Southern Belle Lemon Cheesecake

For the cake

2 1/4 cups cake flour
1 1/2 cups Dixie Crystals® granulated sugar
1 TBSP baking powder
1 tsp. salt
1/2 cup vegetable oil
6 eggs, separated
3/4 cup cold water
2 tsp. fresh lemon juice
finely grated zest of 1 fresh lemon
1/2 tsp. cream of tartar

For the “cheesecake” filling and icing

2 cups Dixie Crystals® granulated sugar
10 TBSP cornstarch
1/2 tsp. salt
finely grated zest of 2 fresh lemons
8 egg yolks
3 cups cold water
3/4 cup fresh lemon juice
6 TBSP unsalted butter

For the cake

Below the Mason-Dixon line, a lemon “cheesecake” is a fluffy lemon layer cake filled and iced with a traditional lemon curd.

The layers are thin and plentiful; the lemon curd, rich and sassy, and the results are always heavenly!

Grease and flour three 9 inch round layer pans and set aside. Preheat oven to 325 degrees F. and arrange racks to the center of the oven.

Sift the flour with the sugar, baking powder and salt. Form a well in the center of the dry mixture, then add in this order: the oil, egg yolks, cold water, lemon juice and lemon zest. Do not beat yet.

In a separate bowl, add the cream of tartar to the egg whites and beat until stiff, but not dry. Set aside.

Now, beat the batter mixture above until well blended, then fold the beaten egg whites into the batter until smooth.

Divide mixture evenly among the prepared pans and bake 30-35 minutes or until tops spring back if lightly pressed.

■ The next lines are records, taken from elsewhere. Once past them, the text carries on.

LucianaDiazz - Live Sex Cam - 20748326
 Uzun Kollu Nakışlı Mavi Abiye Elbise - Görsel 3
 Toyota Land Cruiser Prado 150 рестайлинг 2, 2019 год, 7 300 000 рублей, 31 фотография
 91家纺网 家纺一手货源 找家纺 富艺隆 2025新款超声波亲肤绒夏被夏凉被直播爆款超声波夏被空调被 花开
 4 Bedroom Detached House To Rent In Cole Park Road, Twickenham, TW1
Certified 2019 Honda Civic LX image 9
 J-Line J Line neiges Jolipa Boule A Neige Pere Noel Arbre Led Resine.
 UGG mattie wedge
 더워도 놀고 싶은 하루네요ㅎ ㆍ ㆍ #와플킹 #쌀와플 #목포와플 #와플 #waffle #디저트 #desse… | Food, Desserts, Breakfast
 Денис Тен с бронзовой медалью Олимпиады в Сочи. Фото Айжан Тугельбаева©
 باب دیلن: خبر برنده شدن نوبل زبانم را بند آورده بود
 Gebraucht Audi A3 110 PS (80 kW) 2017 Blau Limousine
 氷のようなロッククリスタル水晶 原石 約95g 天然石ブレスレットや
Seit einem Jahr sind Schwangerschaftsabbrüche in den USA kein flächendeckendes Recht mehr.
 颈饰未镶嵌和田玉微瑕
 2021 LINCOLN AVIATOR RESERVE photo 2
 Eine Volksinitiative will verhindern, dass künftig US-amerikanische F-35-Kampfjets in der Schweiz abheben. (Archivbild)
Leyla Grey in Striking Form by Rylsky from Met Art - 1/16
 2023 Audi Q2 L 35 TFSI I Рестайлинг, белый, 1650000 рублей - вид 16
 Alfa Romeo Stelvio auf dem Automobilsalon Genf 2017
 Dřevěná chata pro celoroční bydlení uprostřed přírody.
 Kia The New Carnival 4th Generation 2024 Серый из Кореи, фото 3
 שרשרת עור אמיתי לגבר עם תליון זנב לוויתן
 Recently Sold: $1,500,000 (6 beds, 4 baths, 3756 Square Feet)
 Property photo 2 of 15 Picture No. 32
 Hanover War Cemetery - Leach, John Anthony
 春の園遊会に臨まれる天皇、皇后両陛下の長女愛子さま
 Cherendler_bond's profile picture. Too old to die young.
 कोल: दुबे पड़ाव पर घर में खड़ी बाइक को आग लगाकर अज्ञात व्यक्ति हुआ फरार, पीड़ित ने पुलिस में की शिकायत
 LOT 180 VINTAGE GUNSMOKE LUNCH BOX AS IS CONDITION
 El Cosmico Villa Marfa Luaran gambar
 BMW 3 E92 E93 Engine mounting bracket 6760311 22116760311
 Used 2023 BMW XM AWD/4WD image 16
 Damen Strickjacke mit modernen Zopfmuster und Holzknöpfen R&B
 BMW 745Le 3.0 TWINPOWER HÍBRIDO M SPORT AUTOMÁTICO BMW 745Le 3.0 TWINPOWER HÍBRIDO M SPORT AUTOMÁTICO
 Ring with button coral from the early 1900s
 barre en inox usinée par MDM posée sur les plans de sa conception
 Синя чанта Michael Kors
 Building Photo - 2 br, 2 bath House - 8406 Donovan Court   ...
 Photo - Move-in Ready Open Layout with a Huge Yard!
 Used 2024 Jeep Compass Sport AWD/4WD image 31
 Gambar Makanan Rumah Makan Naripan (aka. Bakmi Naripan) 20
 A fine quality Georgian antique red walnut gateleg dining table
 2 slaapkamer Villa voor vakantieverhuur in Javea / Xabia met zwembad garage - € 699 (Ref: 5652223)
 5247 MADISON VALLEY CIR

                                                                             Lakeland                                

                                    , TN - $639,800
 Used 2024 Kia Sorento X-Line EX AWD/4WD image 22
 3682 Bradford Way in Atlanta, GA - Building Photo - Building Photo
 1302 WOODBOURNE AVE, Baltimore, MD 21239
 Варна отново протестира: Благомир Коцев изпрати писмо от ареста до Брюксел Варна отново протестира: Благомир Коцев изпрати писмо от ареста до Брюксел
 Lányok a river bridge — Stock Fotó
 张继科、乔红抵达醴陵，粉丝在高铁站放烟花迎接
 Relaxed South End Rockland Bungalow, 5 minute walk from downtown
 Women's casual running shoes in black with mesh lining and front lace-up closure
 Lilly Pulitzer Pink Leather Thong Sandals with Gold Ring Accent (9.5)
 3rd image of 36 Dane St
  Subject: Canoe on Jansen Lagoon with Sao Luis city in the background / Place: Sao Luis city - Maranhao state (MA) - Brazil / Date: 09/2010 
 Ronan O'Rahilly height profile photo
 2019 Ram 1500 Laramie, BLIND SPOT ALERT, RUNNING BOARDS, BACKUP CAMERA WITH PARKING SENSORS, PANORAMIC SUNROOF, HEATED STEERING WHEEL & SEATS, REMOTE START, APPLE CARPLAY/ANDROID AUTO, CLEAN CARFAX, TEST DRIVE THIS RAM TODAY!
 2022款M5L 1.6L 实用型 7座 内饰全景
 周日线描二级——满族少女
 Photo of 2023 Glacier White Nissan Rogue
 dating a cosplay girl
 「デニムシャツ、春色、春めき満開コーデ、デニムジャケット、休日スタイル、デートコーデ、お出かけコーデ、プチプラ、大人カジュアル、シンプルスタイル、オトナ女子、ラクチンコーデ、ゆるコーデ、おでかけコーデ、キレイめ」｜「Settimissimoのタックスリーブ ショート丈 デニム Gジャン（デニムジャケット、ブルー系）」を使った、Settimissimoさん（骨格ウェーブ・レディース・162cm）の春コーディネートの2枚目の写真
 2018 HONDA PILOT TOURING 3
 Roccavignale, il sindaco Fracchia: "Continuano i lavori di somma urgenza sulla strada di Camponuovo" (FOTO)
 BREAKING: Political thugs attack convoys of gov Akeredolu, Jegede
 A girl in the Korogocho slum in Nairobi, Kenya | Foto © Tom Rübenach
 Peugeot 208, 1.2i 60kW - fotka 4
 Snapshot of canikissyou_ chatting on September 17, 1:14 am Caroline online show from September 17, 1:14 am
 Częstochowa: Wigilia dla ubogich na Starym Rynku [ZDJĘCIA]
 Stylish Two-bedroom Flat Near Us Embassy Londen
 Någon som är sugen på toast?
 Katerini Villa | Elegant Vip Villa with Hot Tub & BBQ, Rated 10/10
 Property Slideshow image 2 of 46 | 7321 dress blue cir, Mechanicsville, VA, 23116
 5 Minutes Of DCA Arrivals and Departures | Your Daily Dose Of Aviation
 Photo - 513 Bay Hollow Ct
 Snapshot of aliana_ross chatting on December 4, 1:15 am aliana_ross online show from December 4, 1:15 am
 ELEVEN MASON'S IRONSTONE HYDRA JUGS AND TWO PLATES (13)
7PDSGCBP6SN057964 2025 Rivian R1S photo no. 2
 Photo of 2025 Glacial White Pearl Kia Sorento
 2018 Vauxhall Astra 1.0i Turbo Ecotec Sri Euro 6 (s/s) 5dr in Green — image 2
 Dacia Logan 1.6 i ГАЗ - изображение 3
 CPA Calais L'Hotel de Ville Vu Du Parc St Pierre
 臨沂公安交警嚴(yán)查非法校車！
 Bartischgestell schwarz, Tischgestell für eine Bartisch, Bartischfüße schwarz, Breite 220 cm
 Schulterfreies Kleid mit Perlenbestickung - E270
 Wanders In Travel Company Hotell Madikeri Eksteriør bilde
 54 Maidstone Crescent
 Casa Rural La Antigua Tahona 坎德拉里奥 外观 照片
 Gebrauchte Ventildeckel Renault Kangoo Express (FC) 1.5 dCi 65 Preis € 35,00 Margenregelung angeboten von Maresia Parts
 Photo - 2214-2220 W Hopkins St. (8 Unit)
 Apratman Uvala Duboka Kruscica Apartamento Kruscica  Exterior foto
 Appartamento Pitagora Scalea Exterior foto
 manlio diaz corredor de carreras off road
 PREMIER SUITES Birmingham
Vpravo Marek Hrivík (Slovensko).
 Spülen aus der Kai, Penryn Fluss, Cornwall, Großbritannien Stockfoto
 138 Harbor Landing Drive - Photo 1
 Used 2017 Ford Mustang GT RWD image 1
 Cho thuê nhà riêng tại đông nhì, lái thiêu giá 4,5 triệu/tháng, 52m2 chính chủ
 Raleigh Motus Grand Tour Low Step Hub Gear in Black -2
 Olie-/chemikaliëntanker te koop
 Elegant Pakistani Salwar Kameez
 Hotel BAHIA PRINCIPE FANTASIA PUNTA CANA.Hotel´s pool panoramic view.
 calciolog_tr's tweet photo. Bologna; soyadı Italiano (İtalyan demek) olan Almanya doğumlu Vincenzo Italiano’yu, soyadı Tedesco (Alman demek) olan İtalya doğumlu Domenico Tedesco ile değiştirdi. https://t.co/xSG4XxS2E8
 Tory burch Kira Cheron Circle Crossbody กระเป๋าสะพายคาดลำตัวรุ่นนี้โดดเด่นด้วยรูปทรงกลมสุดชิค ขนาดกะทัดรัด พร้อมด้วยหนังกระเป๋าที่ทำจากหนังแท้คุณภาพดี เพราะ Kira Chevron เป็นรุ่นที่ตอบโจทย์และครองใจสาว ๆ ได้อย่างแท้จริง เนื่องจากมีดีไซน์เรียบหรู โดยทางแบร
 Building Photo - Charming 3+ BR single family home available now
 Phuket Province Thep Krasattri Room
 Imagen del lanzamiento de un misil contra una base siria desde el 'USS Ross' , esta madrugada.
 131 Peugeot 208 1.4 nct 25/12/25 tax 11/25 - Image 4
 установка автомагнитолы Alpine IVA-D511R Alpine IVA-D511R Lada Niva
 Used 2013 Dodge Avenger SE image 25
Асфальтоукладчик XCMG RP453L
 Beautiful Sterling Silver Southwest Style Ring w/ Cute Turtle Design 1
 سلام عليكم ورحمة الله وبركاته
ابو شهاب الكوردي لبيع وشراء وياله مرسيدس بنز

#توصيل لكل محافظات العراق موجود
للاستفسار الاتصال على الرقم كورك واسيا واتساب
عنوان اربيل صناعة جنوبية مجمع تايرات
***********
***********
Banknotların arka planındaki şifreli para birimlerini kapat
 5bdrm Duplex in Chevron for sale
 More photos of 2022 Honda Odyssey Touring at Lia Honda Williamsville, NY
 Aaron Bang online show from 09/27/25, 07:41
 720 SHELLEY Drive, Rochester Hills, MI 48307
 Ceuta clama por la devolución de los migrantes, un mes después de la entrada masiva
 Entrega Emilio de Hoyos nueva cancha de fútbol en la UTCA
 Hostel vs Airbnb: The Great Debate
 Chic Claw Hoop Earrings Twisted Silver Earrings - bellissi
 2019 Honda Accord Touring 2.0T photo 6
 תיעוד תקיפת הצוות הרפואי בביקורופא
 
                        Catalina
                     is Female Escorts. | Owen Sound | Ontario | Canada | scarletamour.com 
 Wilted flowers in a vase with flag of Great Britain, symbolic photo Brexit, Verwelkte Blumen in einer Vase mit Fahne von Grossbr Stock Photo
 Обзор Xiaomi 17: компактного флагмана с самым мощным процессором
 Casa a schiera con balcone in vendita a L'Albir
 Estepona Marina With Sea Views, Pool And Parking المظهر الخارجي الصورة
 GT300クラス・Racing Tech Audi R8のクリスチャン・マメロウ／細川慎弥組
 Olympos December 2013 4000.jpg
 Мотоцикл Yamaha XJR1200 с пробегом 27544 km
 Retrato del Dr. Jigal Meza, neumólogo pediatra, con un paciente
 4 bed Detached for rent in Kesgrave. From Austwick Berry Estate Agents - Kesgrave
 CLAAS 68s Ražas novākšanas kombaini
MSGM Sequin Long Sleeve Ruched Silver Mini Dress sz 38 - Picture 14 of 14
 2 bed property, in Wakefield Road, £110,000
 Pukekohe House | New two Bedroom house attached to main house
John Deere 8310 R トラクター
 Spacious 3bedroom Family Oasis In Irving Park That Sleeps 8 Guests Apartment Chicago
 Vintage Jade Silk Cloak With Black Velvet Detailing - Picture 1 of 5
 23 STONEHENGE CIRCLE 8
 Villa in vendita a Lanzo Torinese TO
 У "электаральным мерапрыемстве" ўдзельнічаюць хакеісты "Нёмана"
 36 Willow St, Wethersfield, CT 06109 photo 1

Cool layers in their pans 10 minutes, then loose and turn out onto racks to complete cooling. Once cool, slice each layer in half with a long serrated knife to form six layers in all.

For the “cheesecake” filling and icing

Whisk the sugar with the cornstarch, salt and lemon zest. Add the egg yolks and cold water and whisk again until smooth.

Cook mixture over medium heat, whisking constantly, until very thick (almost paste-like). Remove from heat and whisk in the lemon juice and the unsalted butter.

Cool to a good spreading consistency (lukewarm worked best for us) and spread mixture between cake layers and over the top and sides of the cake.